### What to produce
A precise copy of the data is required, with every picture left out.
--- Entries shown ---
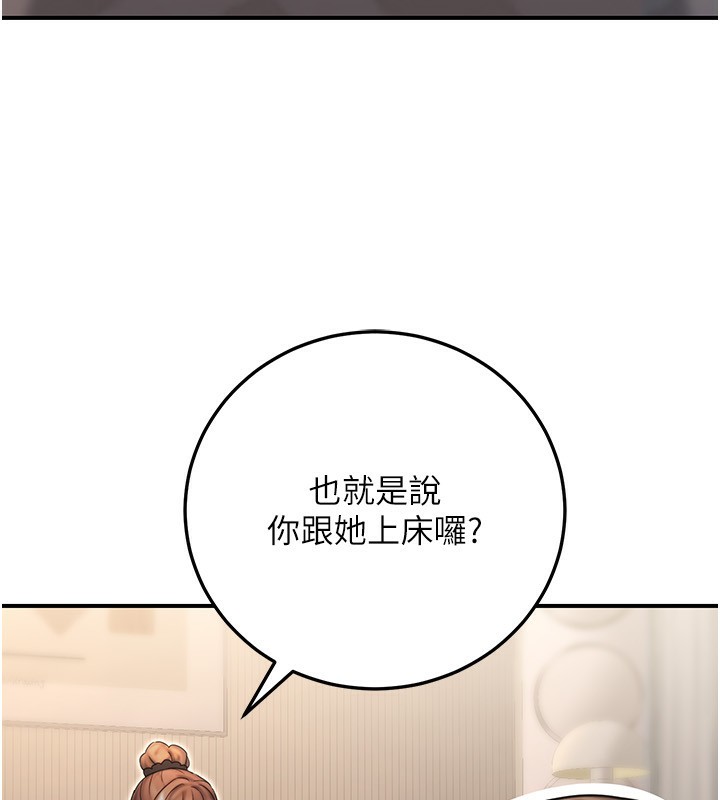 141P - 公务员的桃色副业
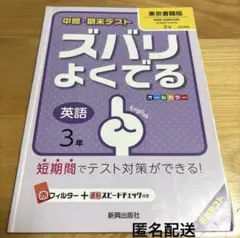中間・期末テスト ズバリよくでる 英語3年(東京書籍版)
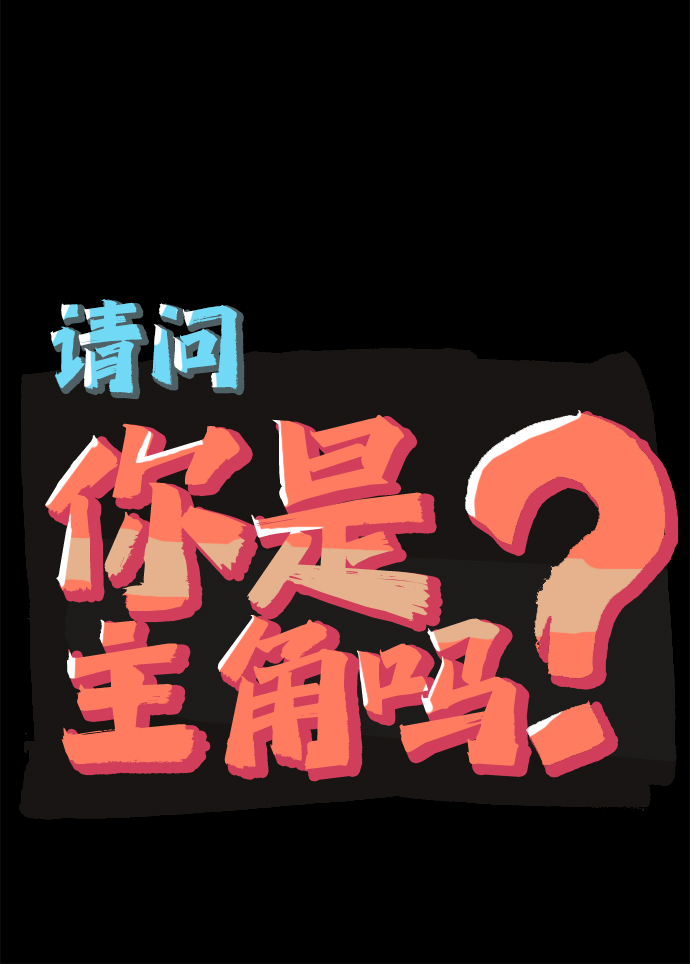 [第8话] 道歉信66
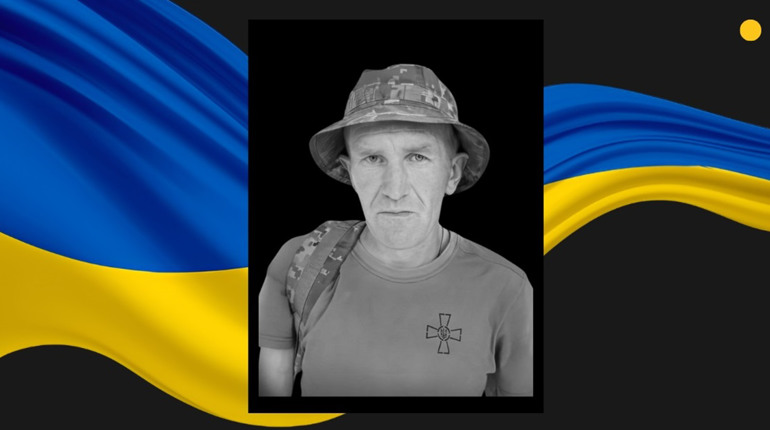 У Дніпропетровській області загинув військовий із Сарн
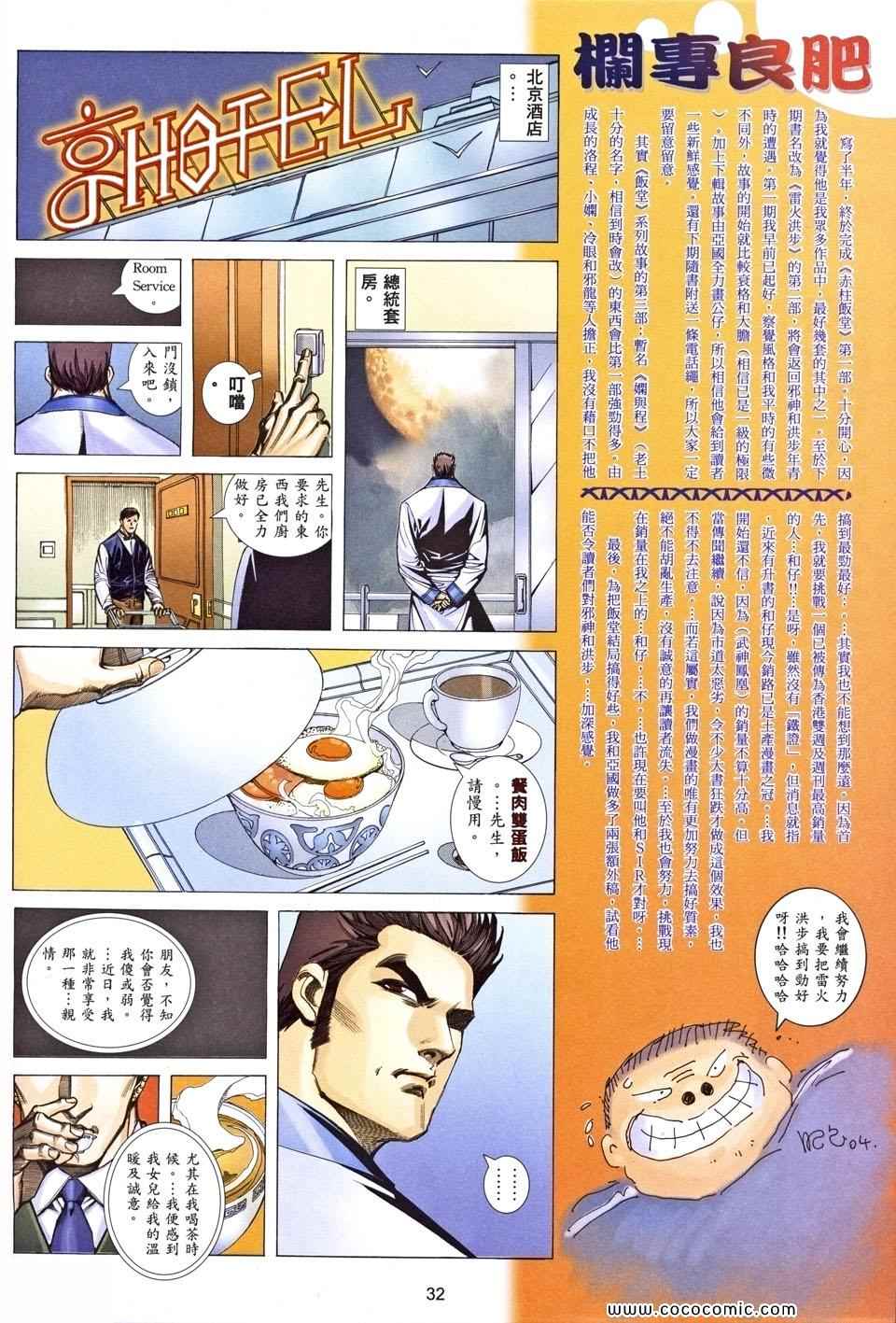 《赤柱饭堂》漫画 25卷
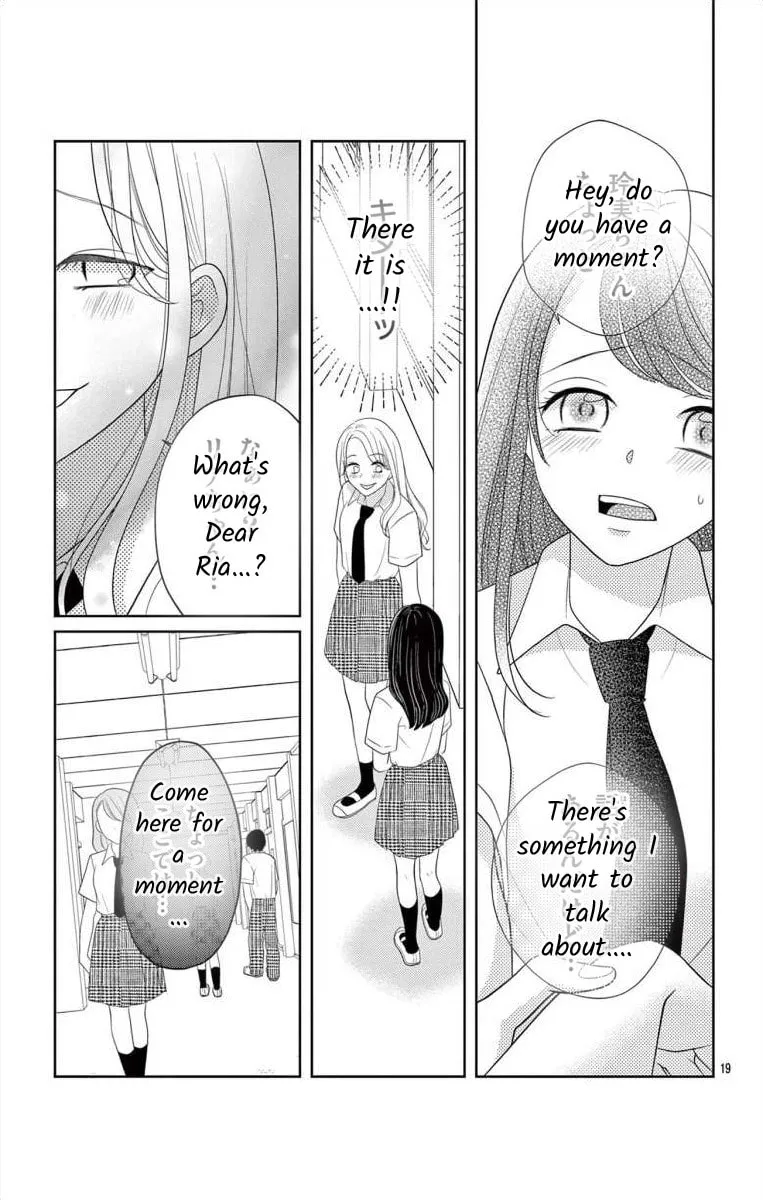 Hoshigari JK Ria Chapter 2 page 19 - 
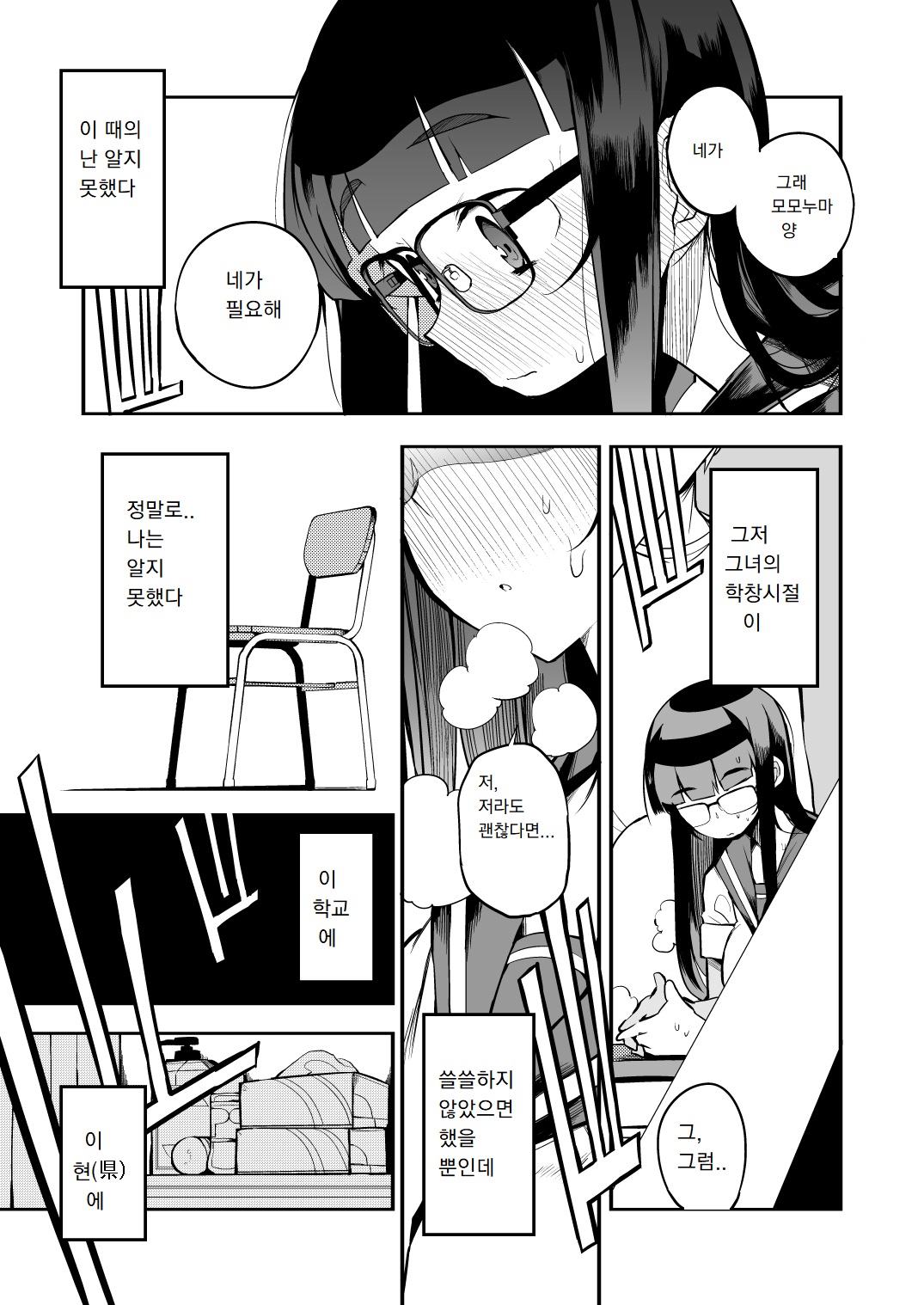 Shasei Kanri Seido no Nai Ken kara Kita Otoko no Sensei | 사정관리제도가 없는 현에서 온 남선생님 page 4 full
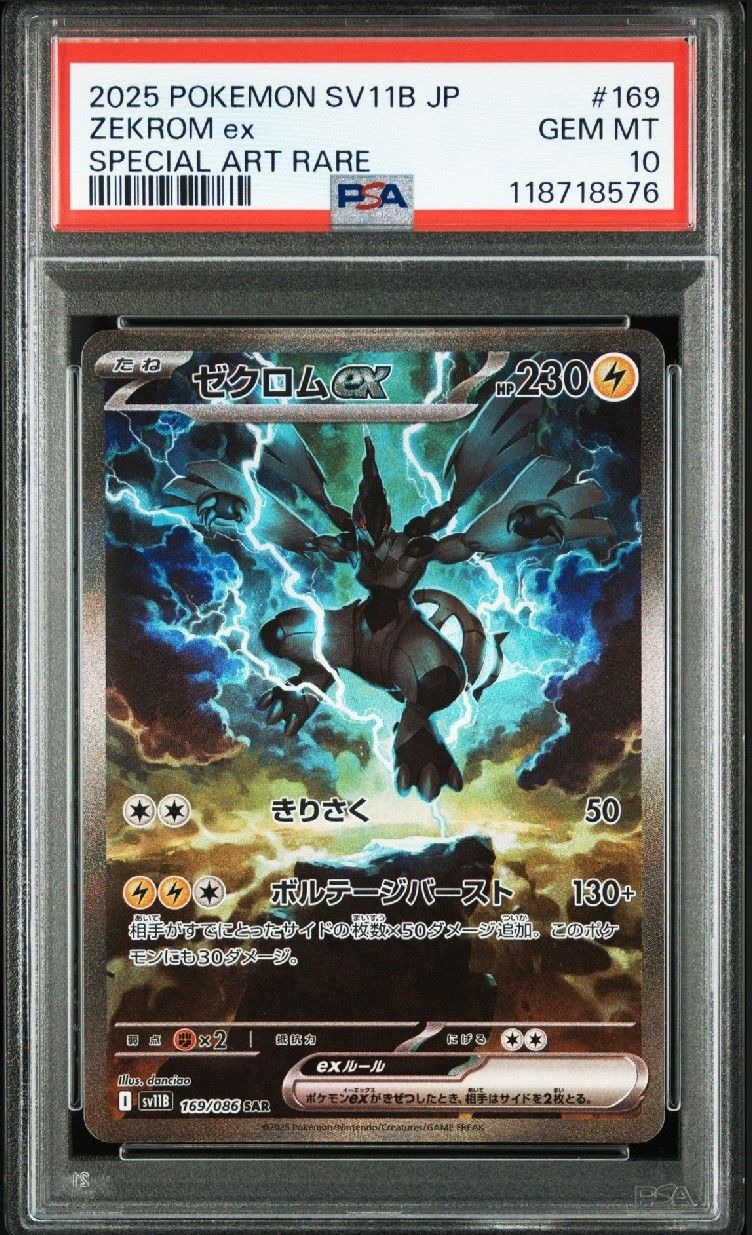 ゼクロムex SAR [SV11B 169/086](拡張パック「ブラックボルト」)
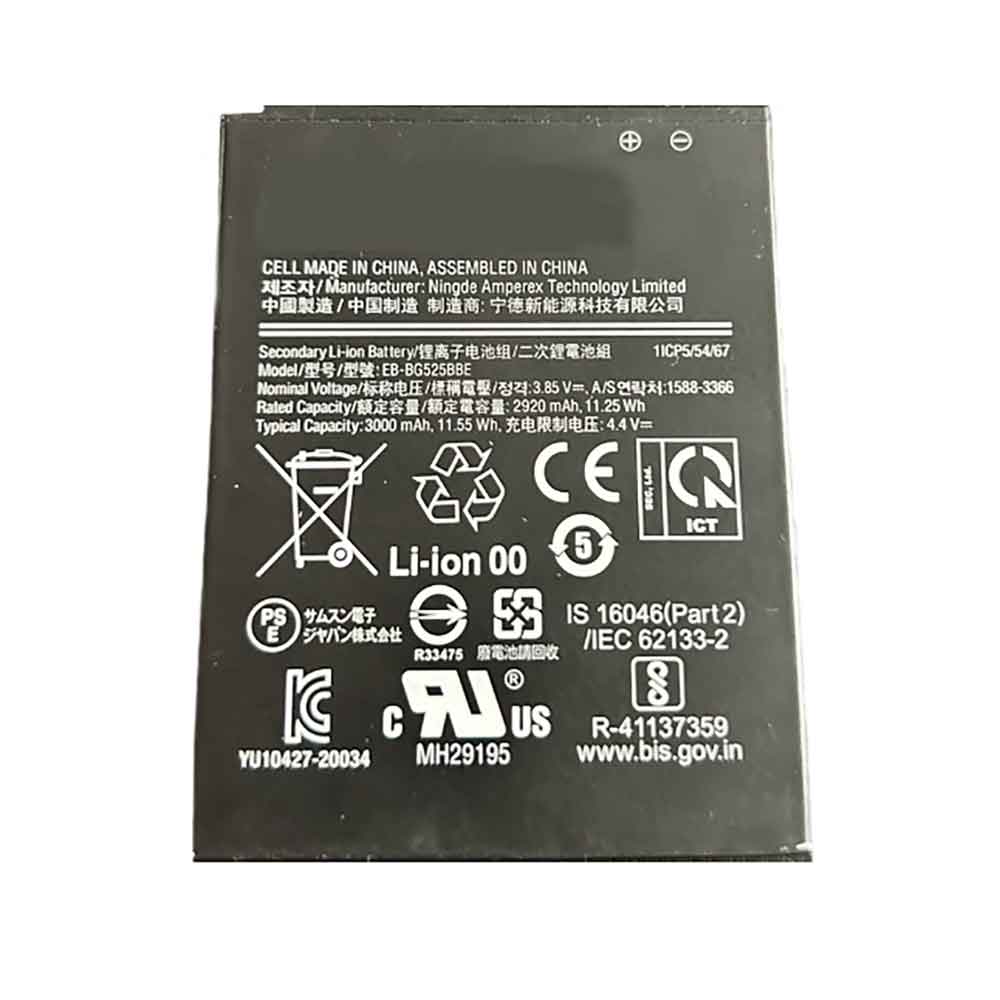 Batterie pour SAMSUNG EB-BG525BBE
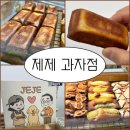 라임과자점 - 창원시 마산회원구 상곡로 22 | 행궁동 버터떡 맛집 제제과자점｜겉바속쫀 유행 디저트 솔직후기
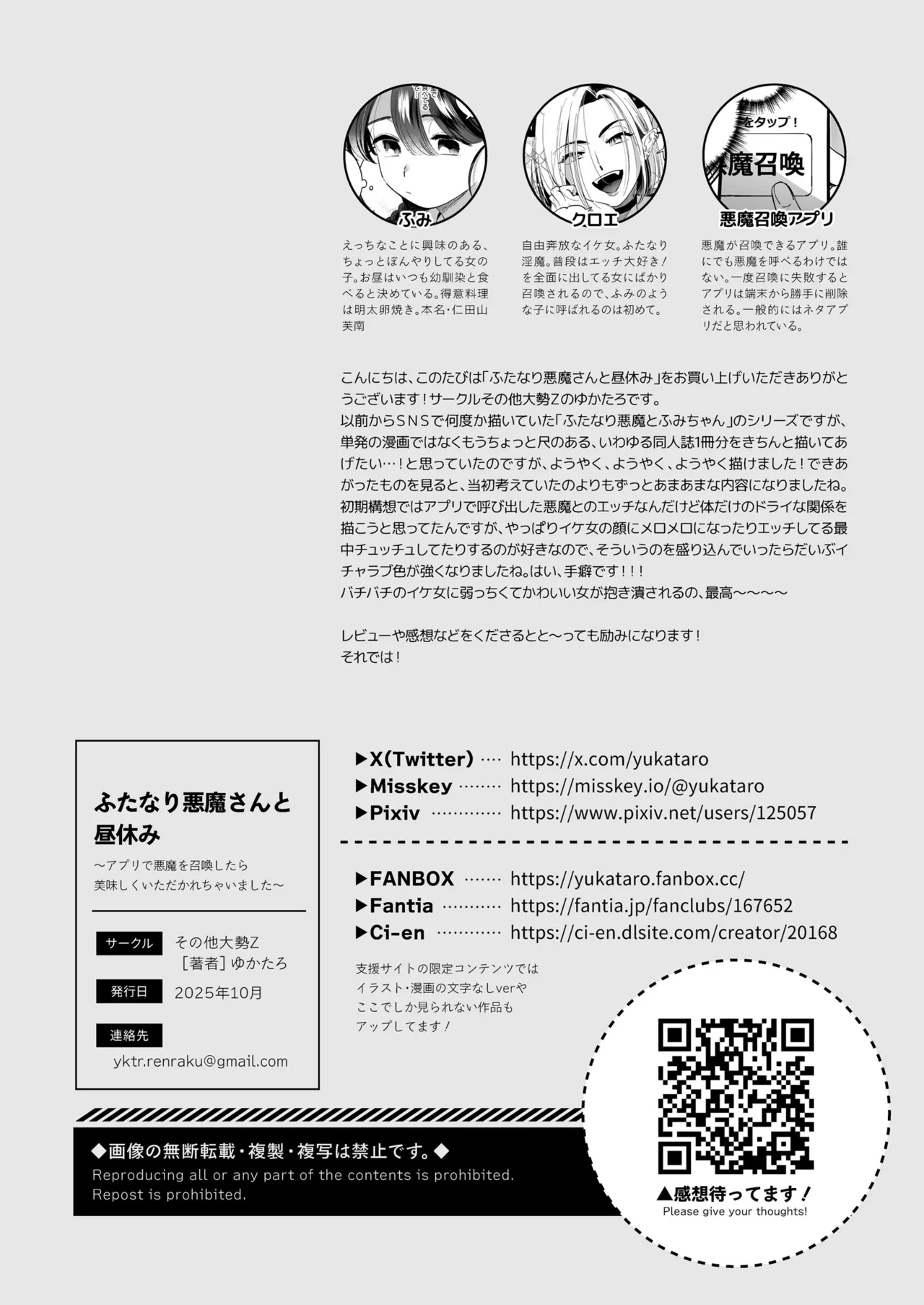 ふたなり悪魔さんと昼休み ～アプリで召喚したら美味しくいただかれちゃいました～ Page.39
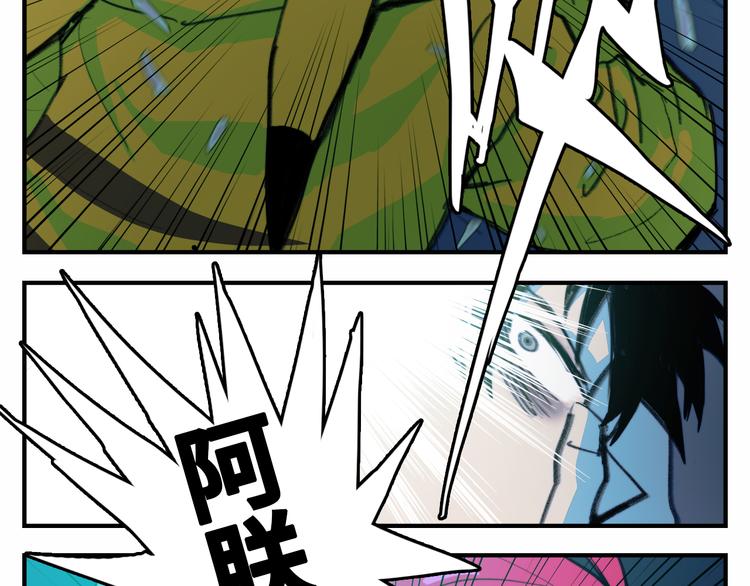 第41话 你俩还挺有默契63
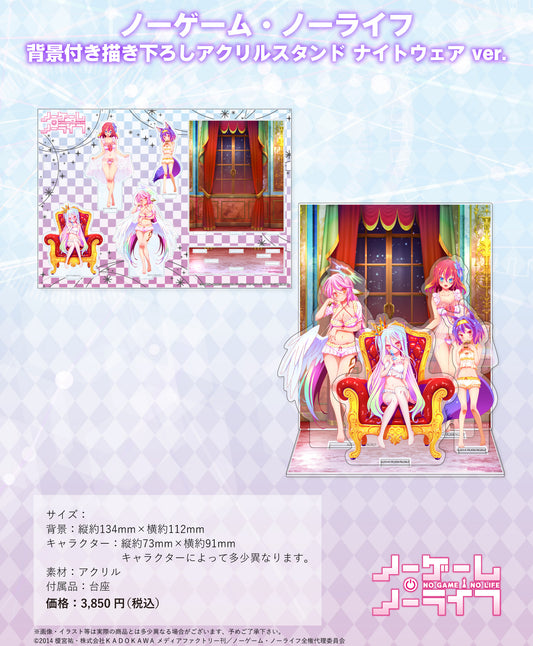 No Game No Life Original Illustration Acrylic Stand with Background Nightwear Ver. — anime acrylic stand wholesale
---
### Reply
 141P - 公务员的桃色副业
中間・期末テスト ズバリよくでる 英語3年(東京書籍版)
 [第8话] 道歉信66
 У Дніпропетровській області загинув військовий із Сарн
 《赤柱饭堂》漫画 25卷
 Hoshigari JK Ria Chapter 2 page 19 - 
 Shasei Kanri Seido no Nai Ken kara Kita Otoko no Sensei | 사정관리제도가 없는 현에서 온 남선생님 page 4 full
 ゼクロムex SAR [SV11B 169/086](拡張パック「ブラックボルト」)
 Batterie pour SAMSUNG EB-BG525BBE
 라임과자점 - 창원시 마산회원구 상곡로 22 | 행궁동 버터떡 맛집 제제과자점｜겉바속쫀 유행 디저트 솔직후기
 ふたなり悪魔さんと昼休み ～アプリで召喚したら美味しくいただかれちゃいました～ Page.39
 第41话 你俩还挺有默契63
 No Game No Life Original Illustration Acrylic Stand with Background Nightwear Ver. — anime acrylic stand wholesale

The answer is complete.